# FreeBSD upgrades, ZFS, beadm - recovery



## dnv (Jun 1, 2016)

Hypothetical situation:

I have a ZFS-on-root FreeBSD 10.x setup with beadm, I create a new boot environment, boot or chroot into it, run freebsd-update to upgrade the system and proceed to hose it when merging config changes. The system no longer boots. How do I actually revert the system to the previous state, how do I run beadm if the system doesn't boot?


----------



## phoenix (Jun 1, 2016)

If you are running a new enough version of FreeBSD, the loader menu will allow you to select a different BE to boot from.  

Alternatively, you can drop to a loader shell and manually enter the path to the correct BE / kernel to boot from, boot to single-user mode, and then change the default BE there.


----------



## dnv (Jun 1, 2016)

phoenix said:


> If you are running a new enough version of FreeBSD, the loader menu will allow you to select a different BE to boot from.
> 
> Alternatively, you can drop to a loader shell and manually enter the path to the correct BE / kernel to boot from, boot to single-user mode, and then change the default BE there.

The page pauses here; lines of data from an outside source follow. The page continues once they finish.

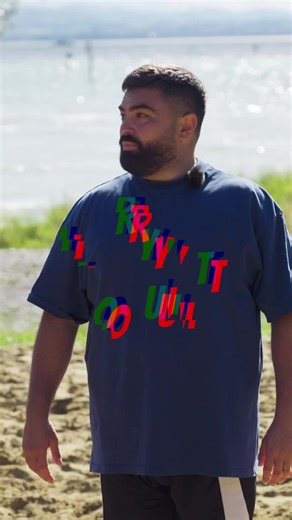 Hier wird gebaggert: @Mariano Vivenzio und @Serdar Karibik wagen sich in der neuen Folge TryOut aufs Beachvolleyball-Feld! 🏐🔥 Beim VFB Friedrichshafen, mit Bodensee-Kulisse und unter den strengen Augen von Beach-Volleyball-Profi und Olympia-Teilnehmerin Julia Sude entscheidet sich: Wer schafft es übers Netz und wer setzt sich in den Sand? Die ganze Folge gibt’s bei SWR Sport auf YouTube. #EMMVEE #SerdarKaribik #TryOut #Beachvolleyball #SWRSport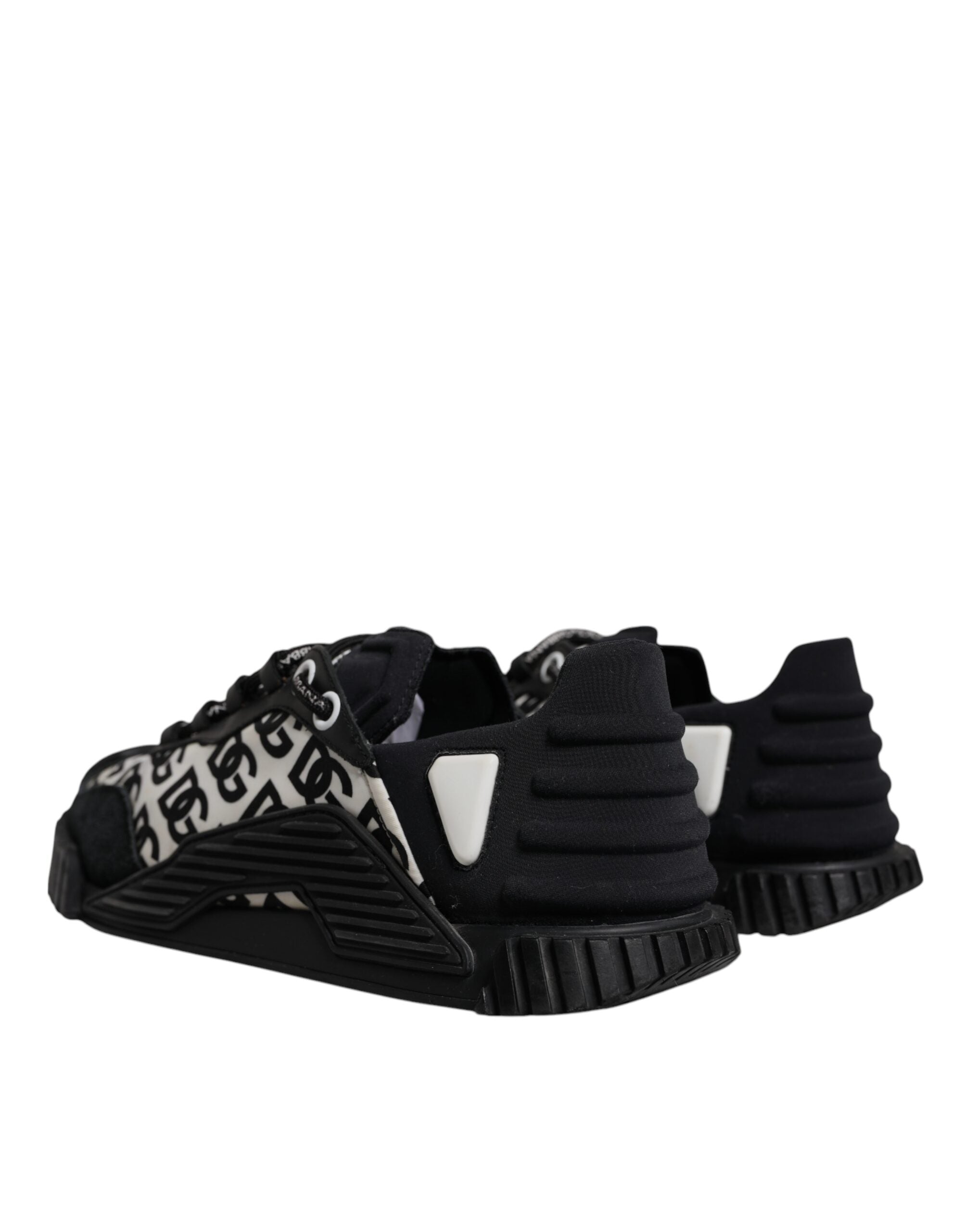 Chaussures sneakers basses Dolce & Gabbana noires avec logo en dentelle et lacets, vue de face.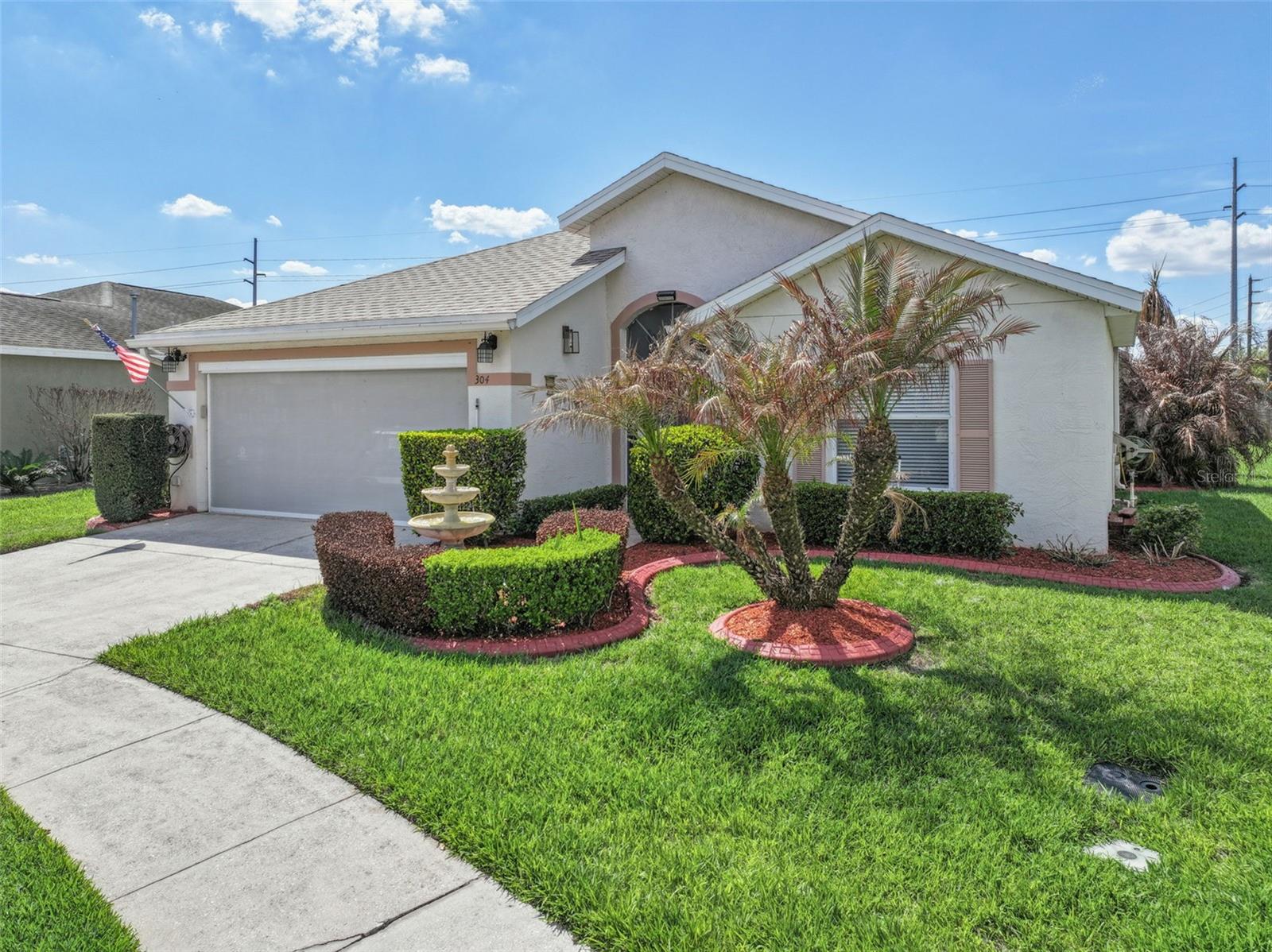 304 LAKE SUZANNE DR, LAKE WALES, FL, 33859
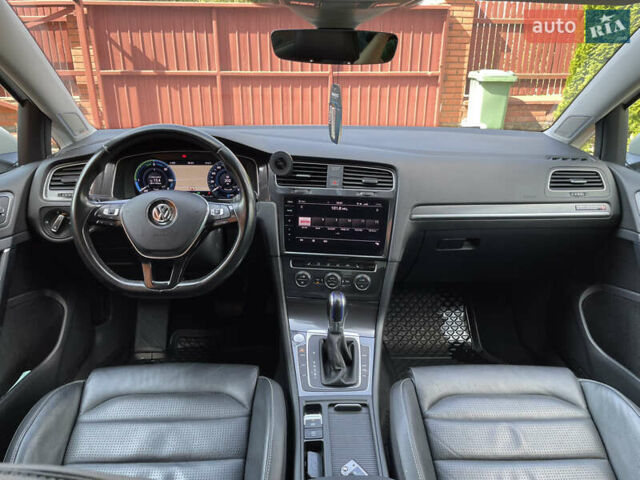 Белый Фольксваген e-Golf, объемом двигателя 0 л и пробегом 90 тыс. км за 14699 $, фото 20 на Automoto.ua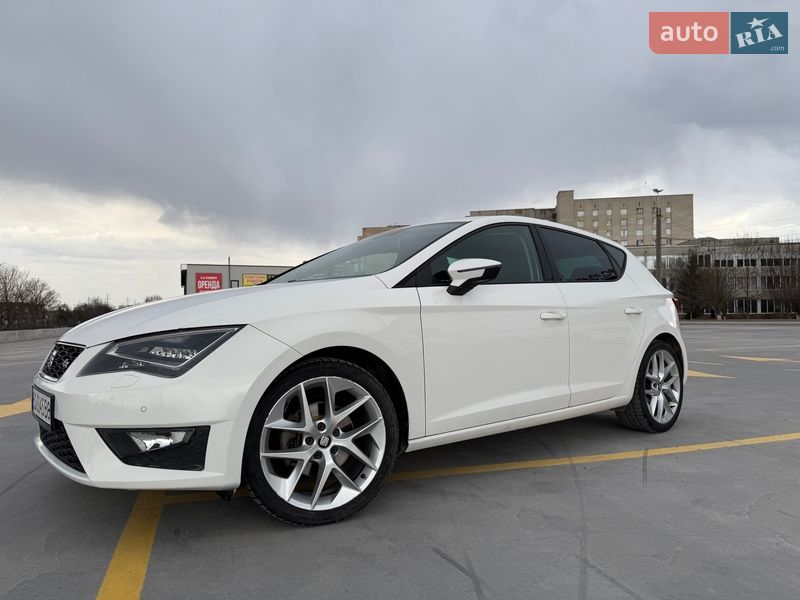 Хэтчбек SEAT Leon 2014 в Тернополе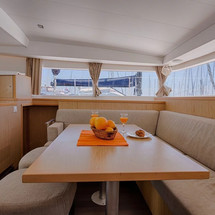 Lagoon 400 S2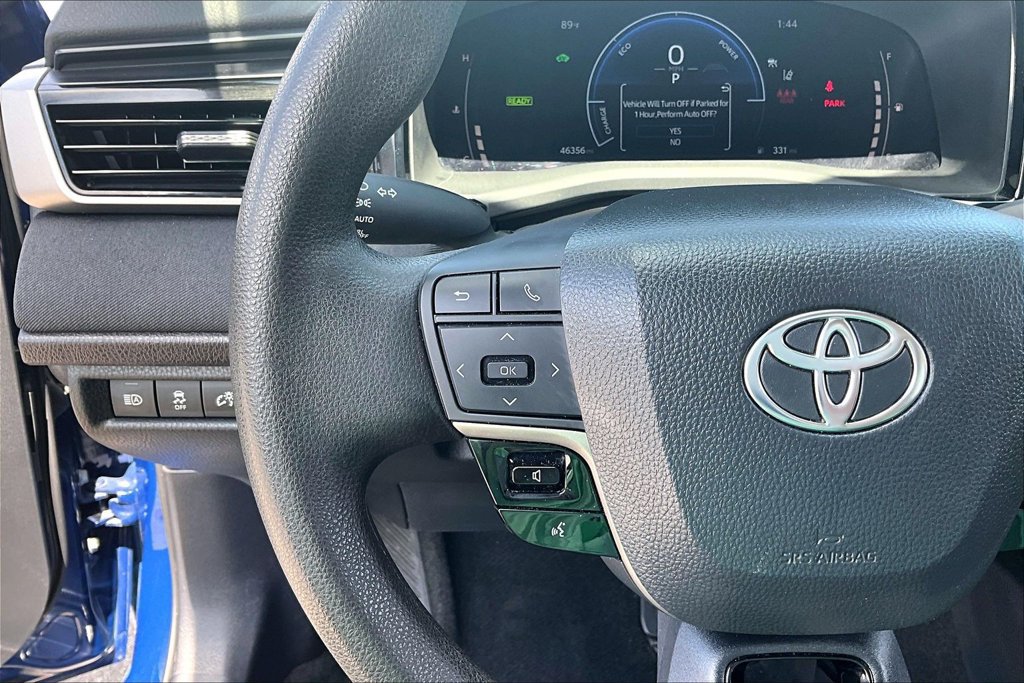 Used 2025 Toyota Camry LE FWD image 11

Oh. Is this menu only visible when more than 1 be is present? Just wondering cause I haven't ever seen it. Also sounds kinda weird if such functionality is available in the base system while beadm itself is a port/package. Or its beadm just a more user-friendly front-end to the functionality provided by the base system?


----------



## kpa (Jun 1, 2016)

Beadm is nothing else but a frontend to tools and properties that control which dataset is used for booting. The bootfs property of the pool is the primary method for selecting which dataset is mounted as the root file system but it can be overridden in loader.conf(5) using the vfs.root.mountfrom variable or manually setting the variable at the loader prompt.


----------